Friday 20 January 2012

New Me Year


As the new lunar year approaches, Monday 23 January 2012, I am reflecting on the last year of my life, my marriage, separation, and the lovers I have chosen. I see the patterns, understand the reasons why I chose what I have. In my marriage I was stuck, I needed to be stuck. Before I may have moved fast, very fast and hard yet I was trapped like an animal in a cage. So through the slow, frustrating movement I experienced in my marriage, the compression of all that was keeping me trapped created a bomb of sorts. I reached a point where I had to do something, I had to break out of the cage I was stuck in. What I found was love. I fell 'in love' and this love ignited the constraints around me, burning a hole for me to pass through. I began to experience pleasure like I hadn't known in a very long time and equal amounts of pain.

I began to heal the scars around my sexuality and this opened up my whole life to being who I am, and finding the work I deeply feel I am on this earth to do. I love this man still, even if we're not meant to be together in a sexual loving partnership. This is also true about my ex-husband.
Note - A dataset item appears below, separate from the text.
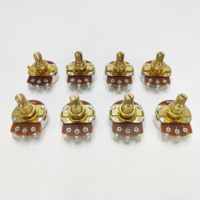 Potentiomètre de guitare à manchon en aluminium avec noyau en cuivre 15MM 18MM A/B 250K 500K Bouton de contrôle du volume et du tonalité pour guitare électrique et basse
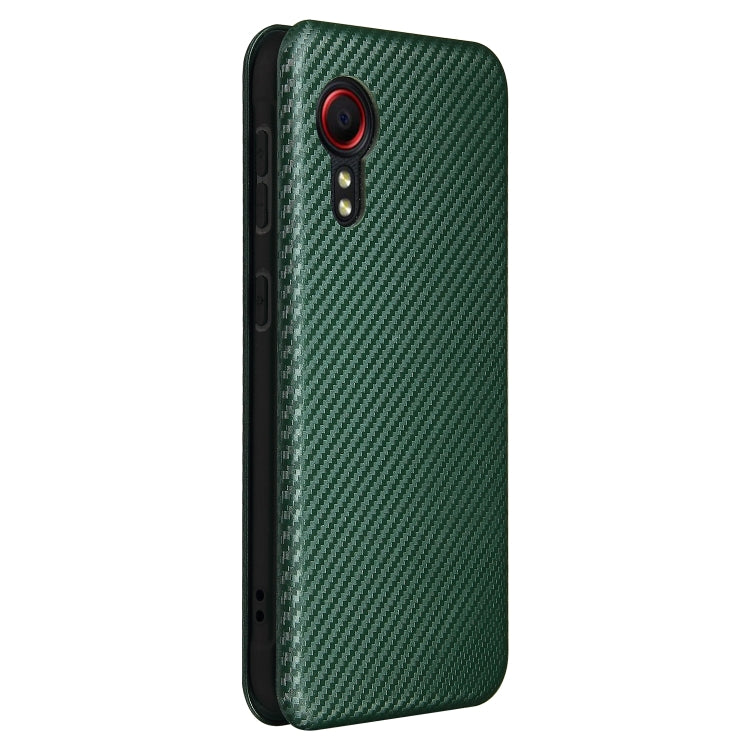 Carbon Fiber Texture Magnetic Horizontal Flip TPU + PC + PU Leather Case with Card Slot, For Samsung Galaxy Xcover 5, For Xiaomi Mi 10S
At the beginning of this calendar year I had a sexual experience and while making love my whole body became the cosmos. When I looked into my lover's eyes, light poured out of them and his whole body was bathed in light. I closed my eyes again and I was the vastness of all mater. My hands held the gravity of a black hole at the centre of my being and he and I spiralled around this power. I could have gone further into this experience, and yet I needed to stop. To integrate the experience. My orgasms surpassed my body and brought me up high into this experience. I think about attachment and non-attachment as I digest this experience I had with a man I am not attached to. I love him, but I do not wish to be in a partnership with him. The experience was healing, opening, ecstatic and I am grateful for it.
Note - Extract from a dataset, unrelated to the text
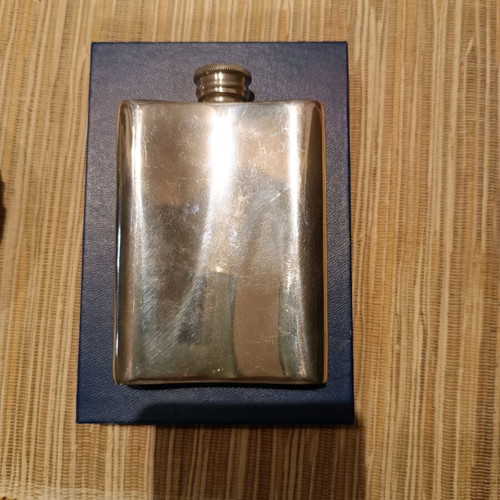 Harley Davidson tin flask new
If it weren't for the birth into being work and moving through such darkness inside me, I don't know that I could have expanded my physical pleasure in such a huge way. As I integrate and reflect, I think about August 2011 the last time I had sex before training in the Birth into Being work. Where I felt my lovers energy surge through me as I surrendered to him. When I was trying so hard not to be in love with this man, to keep it casual because I knew that's what he wanted, how my heart hurt and soared at the same time. Now, with so much cleared, sex is very different. The emotional pain is gone. My skin has more sensations. There were moments where I could feel every pleasure cell on my skin. The only thing I can compare it to is being on the drug ecstasy, from what I remember of it in my youth. It's better though, no hang-over and complete clarity and the ability to use the experience to grow and create what I'd like in my life.
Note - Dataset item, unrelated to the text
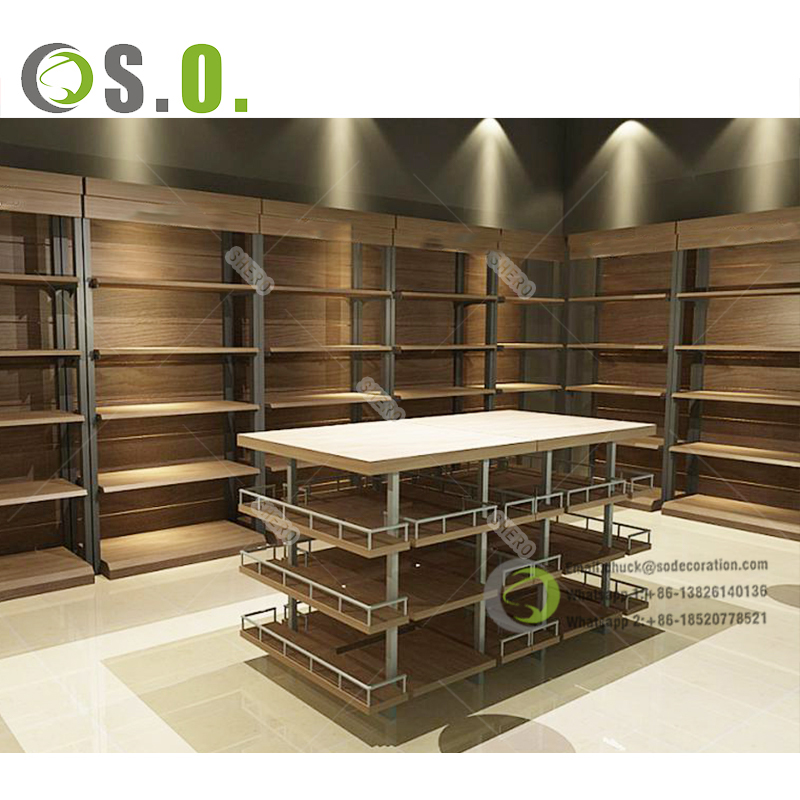 Customized convenience store grocery display rack grocery store layout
I have more clients in one month than I had in 4 months last year. My children and I are so much more harmonious at home and they have become more gentle and listen better. My son is growing and the healthiest he's been in a while. I am still aware of patterns I'd like to shift, and they feel smaller and easier. There is just less drama. It's funny, before the Birth into Being work I was afraid if I really changed I would loose myself. The amazing thing is I feel more myself than I ever have before. I'm still me, just a better version of me and I look forward to everything I am creating this year. 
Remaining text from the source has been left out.